Villaraigosa is attempting to distance himself from other top Democrats in the race by embracing a moderate stance. He touted his mayoral record, taking credit for improving education in L.A. and reducing crime by hiring more cops.
Shot at Newsom
When asked about health care, Villaraigosa says it is a right and not a privilege, but spoke out against a single-payer system. He criticized one of his party rivals in the governor’s race, Gavin Newsom, for flip-flopping on the issue.
“He said multiple times that he was for single-payer, then he said multiple times he was against it. Then in the last debate, he doubled down and said he was for it,” Villaraigosa said.

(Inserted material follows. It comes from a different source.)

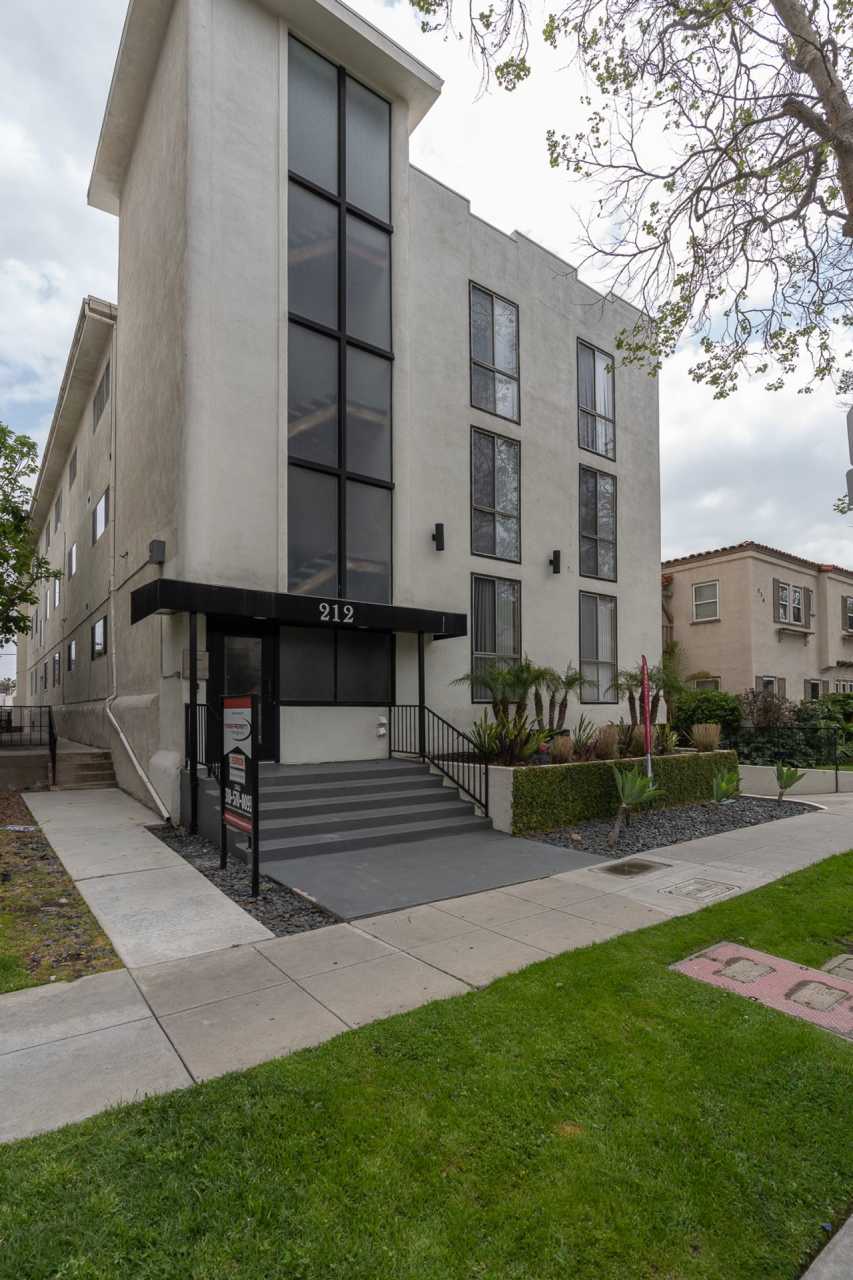 212 S Arnaz Dr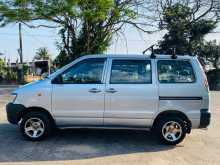 https://riyasewana.com/uploads/toyota-townace-noah-2004-519010012034.jpg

On water, Villaraigosa rejected Gov. Jerry Brown’s Delta tunnels plan, finding it too divisive between northern and southern California. He remains steadfast in his support for proposed dam projects at Temperance Flat and Sites Reservoir. He also called for more recycling and conservation.
Villaraigosa defended farmers from the stereotype that they waste water by growing food. “It’s bogus. Who’s eating those fruits and vegetables? The truth of the matter is we’re eating and drinking 100% of the water. We have to stop screaming at the farmers and start working with them. They’re putting food on the table.”
The candidate also talked about solutions for California’s housing shortage. His solution includes state funding for affordable housing, denser housing in downtown areas and shortening the approval process to build homes. He noted that he had the environmental review process shortened for a football stadium in Los Angeles. “Why not for affordable housing? Why not for infrastructure investment?”
Supports Gas Tax, But…
Regarding the gas tax, Villaraigosa supports it but says it must be spent for its intended purpose—to fix roads. He understands the burden it may create for some residents. “A 12 cent tax on gas for working people, for the poor, for people who have long commutes—that’s tough. We can’t lead out of the box at every turn. We have to do innovative financing like we did in L.A.” He said that can be accomplished with low-cost loans from the federal government and shortening the CEQA approval process.
Congressman Jim Costa provided an introduction before leaving the invitation-only lunch. The event drew other elected representatives like Assemblyman Joaquin Arambula, and Esmeralda Soria and Paul Caprioglio from the Fresno city council. Others in attendance include Clovis city manager Luke Serpa as well as John Harris from Harris Ranch.
This was one of five Valley stops on the day for Villaraigosa who has visited the area multiple times since he started campaigning for the state’s highest office one year ago.